67 - Attentats à Sarajevo

La Gräf und Stift type 40/45 du comte Harrach dans laquelle se trouvait le couple princier. Elle est aujourd’hui conservée au musée de l’armée de Vienne.

Le jour du drame j’étais dans l’automobile appartenant à Son Excellence le comte Harrach avec Son Altesse Impériale et Royale l’archiduc héritier du trône François-Ferdinand et avec Son Altesse la duchesse de Hohenberg. L’héritier du trône était assis au fond de la voiture à gauche ; Son Altesse la duchesse était à sa droite. Le comte Harrach était devant, à côté du chauffeur. J’étais assis en face de l’auguste couple. En passant devant la Banque d’Autriche-Hongrie, j’ai regardé en avant et remarqué, du côté gauche, sur le quai, une solution de continuité dans l’alignement de la foule. A cet endroit se trouvait un jeune homme brun et grand. Je montrai précisément à ce moment la nouvelle et belle caserne du XVe corps. J’entendis une petite détonation et je vis voler derrière la duchesse un petit objet noir. Une seconde après se produisit une détonation comparable à un coup de pistolet. L’objet s’était déplacé si lentement derrière la duchesse que j’avais pu le suivre des yeux. Le comte Harrach me dit avoir eu l’impression de voir passer un projectile. L’objet tomba sur la chaussée : on entendit alors la détonation. Son Altesse. la duchesse eut, comme moi, l’impression que c’était une bombe destinée à l’automobile, mais qui avait manqué son but et n’avait causé nul dommage. La marche des voitures fut un instant interrompue, mais repris aussitôt d’après l’itinéraire fixé. La voiture qui était derrière nous s’arrêta et nous remarquâmes que quelqu’un en descendait. On me fit connaître que c’était mon aide de camp, Erich von Merizzi 3, qui était blessé. Sur quoi notre automobile stoppa également, car Son Altesse voulait s’enquérir de l’état de la victime. Nous avons ensuite repris notre chemin, d’abord rapidement puis, à l’approche de l’Hôtel de ville, plus lentement. Entre temps j’avais vu quelqu’un sauter dans la Miljacka, suivi d’autres personnes. 4

3 Erich von Merizzi (1873-1917) était aide de camp du général Potiorek depuis 1910.

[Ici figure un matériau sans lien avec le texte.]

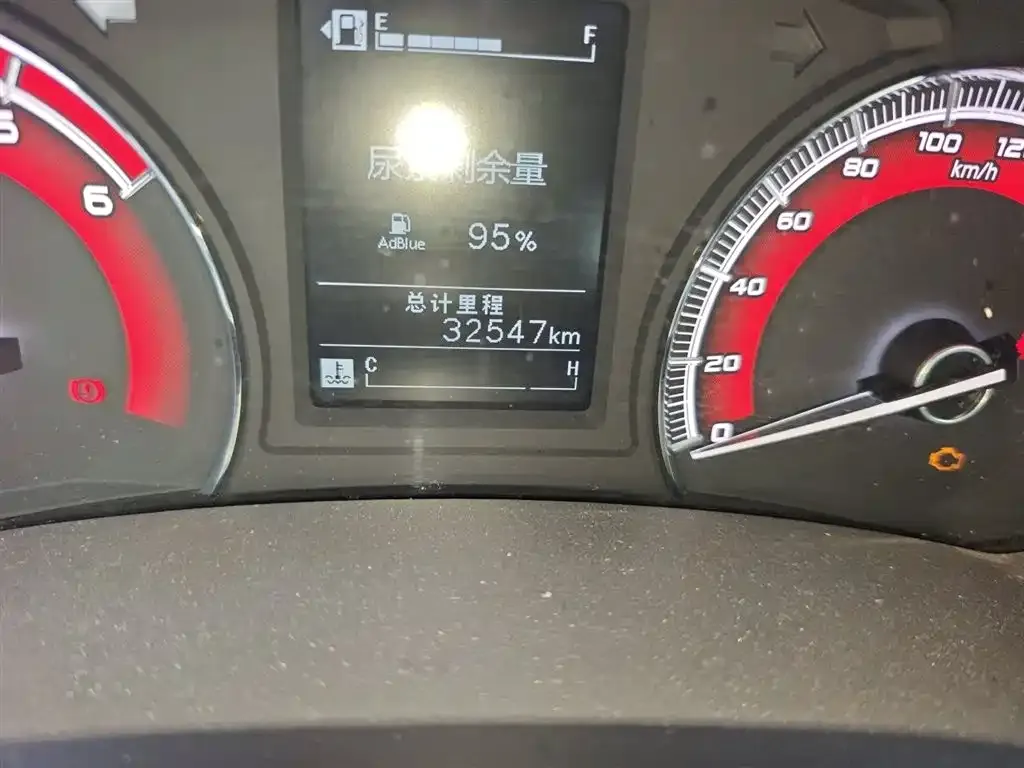 Isuzu Lingtuo 2022 из CN, фото 8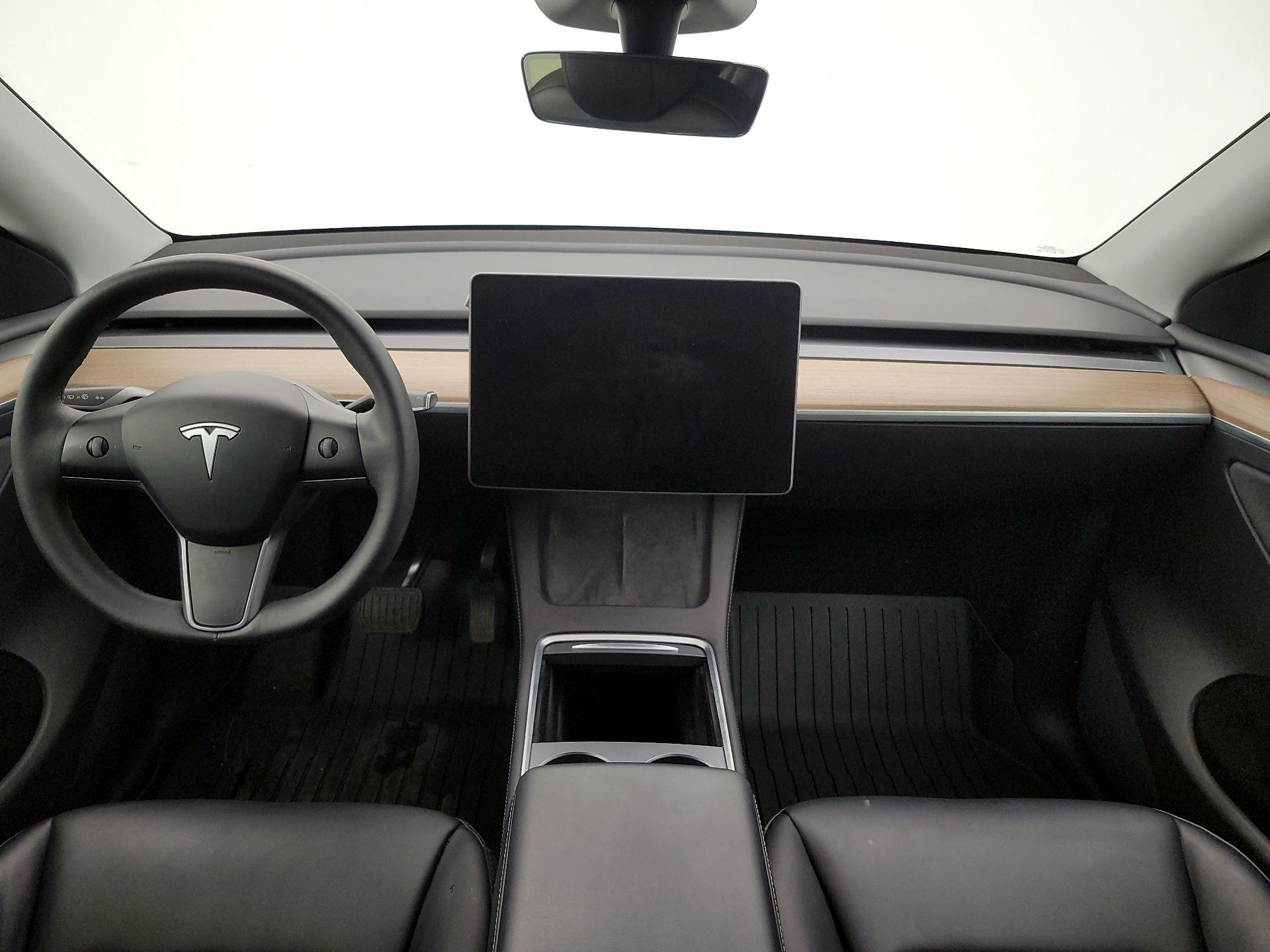 Thumbnail: 2024 Tesla Model Y - 9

4 Albert Mousset L’attentat de Sarajevo (Payot ; Paris, 1930) p. 440.

67 - Attentats à Sarajevo

La voiture du couple princier sur le quai Appel. On remarquera la quasi-absence de forces de l’ordre.

Ce premier attentat avait échoué, mais que c’était-il vraiment passé ? L’un des conjurés, Nedeljko Cabrinovic, avait lancé une bombe sur la voiture et certains témoins affirme que François-Ferdinand avait saisi celle-ci pour la jeter hors du véhicule ; si cette version était confirmée, elle éclairerait sous un autre jour le désir de l’archiduc d’aller visiter les blessés après son passage à l’hôtel de ville. Quoi qu’il en soit, Cabrinovic tenta ensuite de se suicider en avalant une pilule de cyanure qui ne lui fit rien et se jeta dans la Miljacka, profonde à cet endroit de quelques centimètres ; il put donc être immédiatement arrêté.

Grâce aux souvenirs d’un fonctionnaire au tourisme de Sarajevo recueilli en 1936-1937 par Rebecca West 5, nous pouvons nous faire une première idée de ce qui se passa à la mairie de Sarajevo lorsque l’archiduc François-Ferdinand et son épouse y arrivèrent.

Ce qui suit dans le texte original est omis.